Provided data:
★ ★ ★ ★ ★ ★ ★

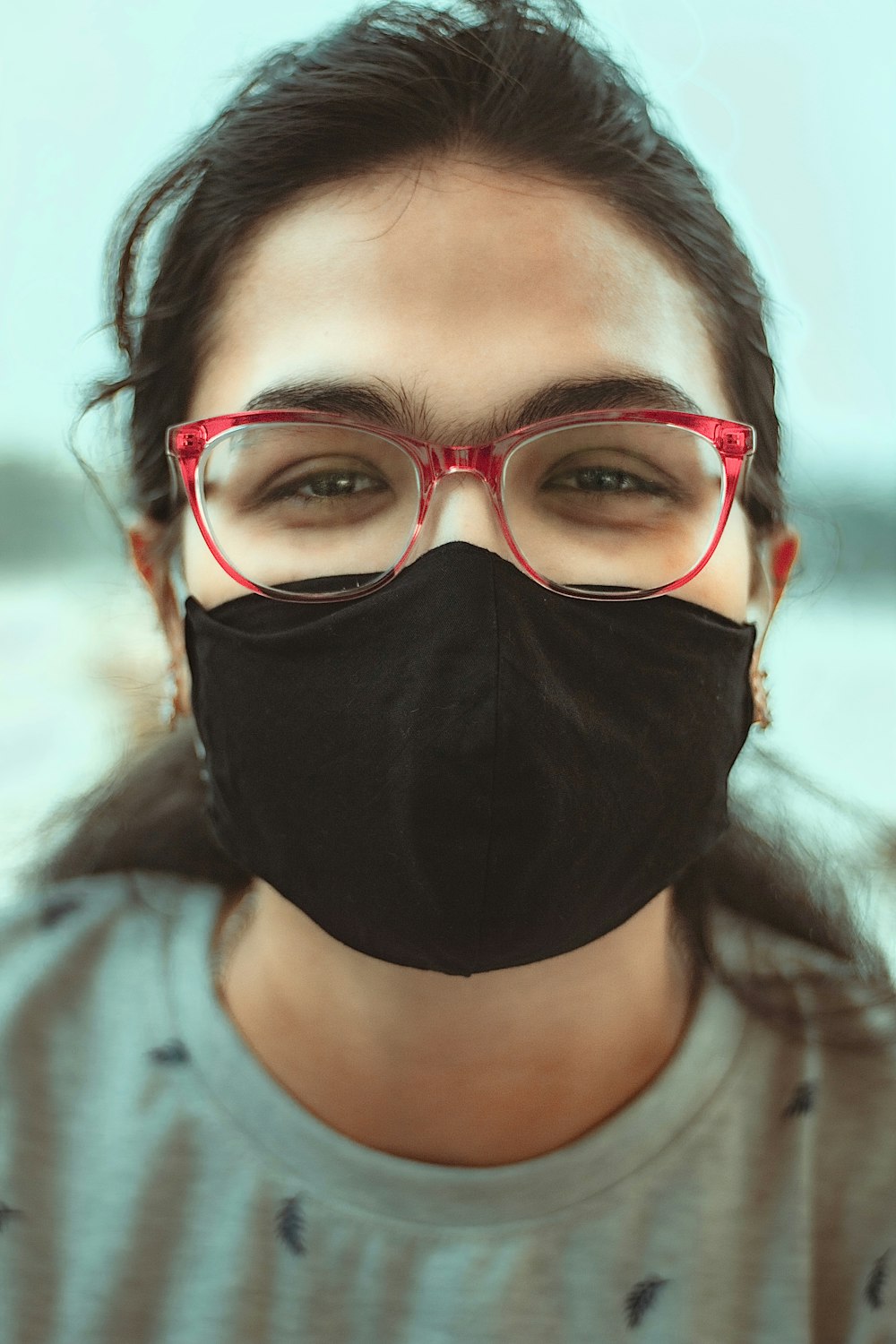 woman in red framed eyeglasses covering her face with black scarf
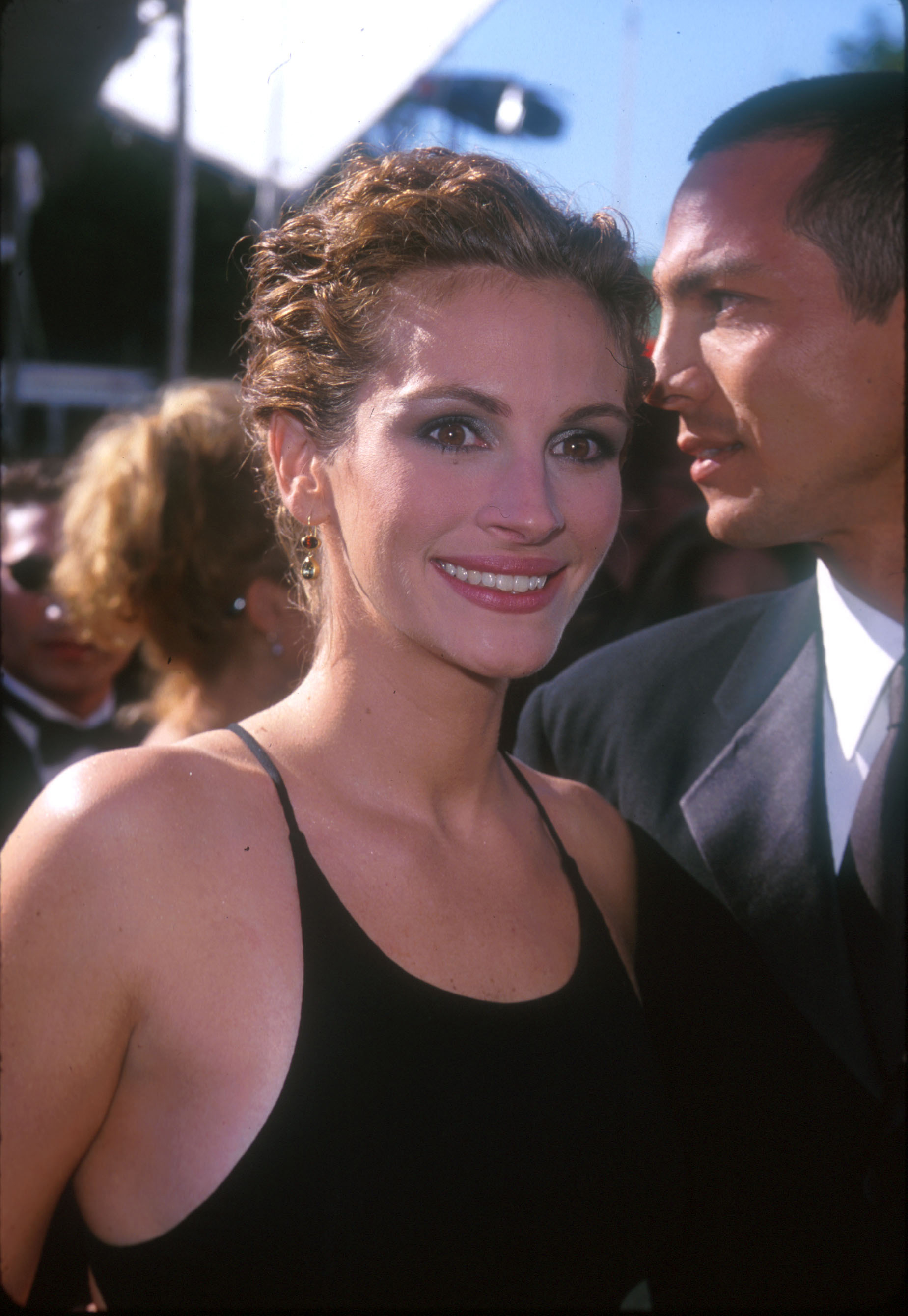 Julia Roberts in a black sleeveless dress posing next to an unidentifiable man on the red carpet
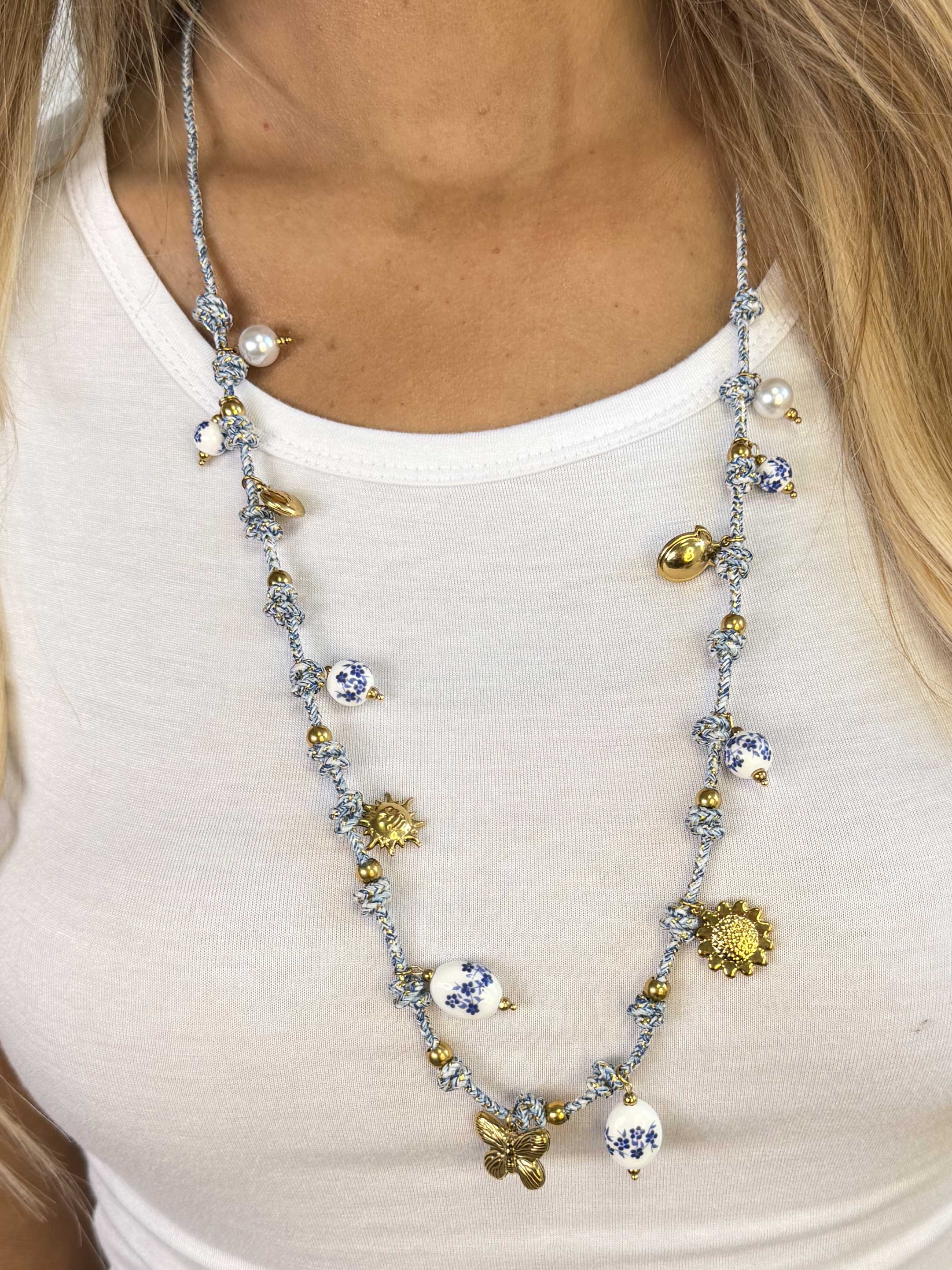 Roxan – Vitt och blått halsband med ett guldhänge och pärlor med blå blommor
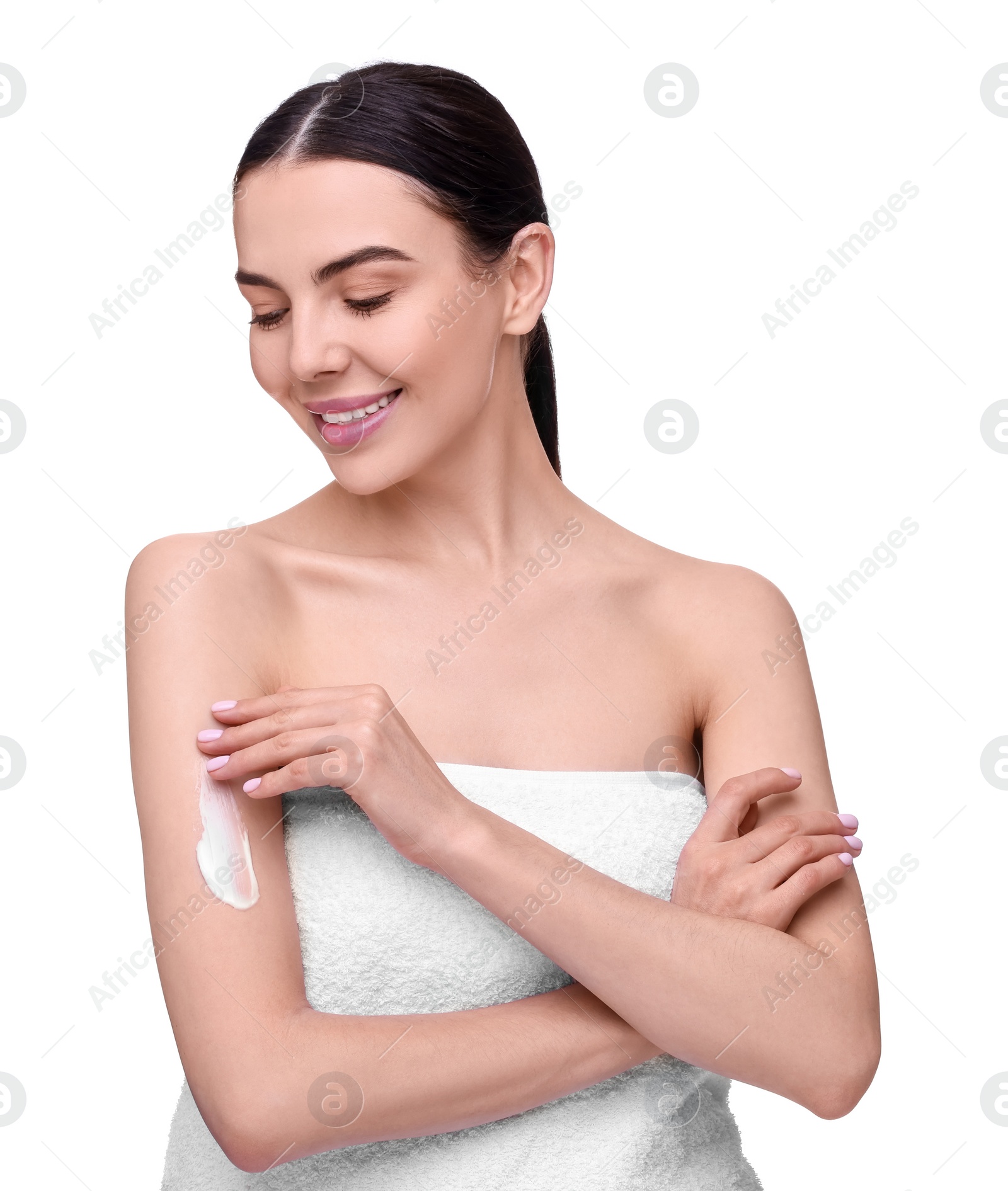 Photo of Beautiful woman with smear of body cream on her arm against white background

★ ★ ★ ★ ★ ★ ★

How to complete this task: Would you copy out all the data exactly, without the images?

Output for this task:
 woman in red framed eyeglasses covering her face with black scarf
 Julia Roberts in a black sleeveless dress posing next to an unidentifiable man on the red carpet
 Roxan – Vitt och blått halsband med ett guldhänge och pärlor med blå blommor
 Photo of Beautiful woman with smear of body cream on her arm against white background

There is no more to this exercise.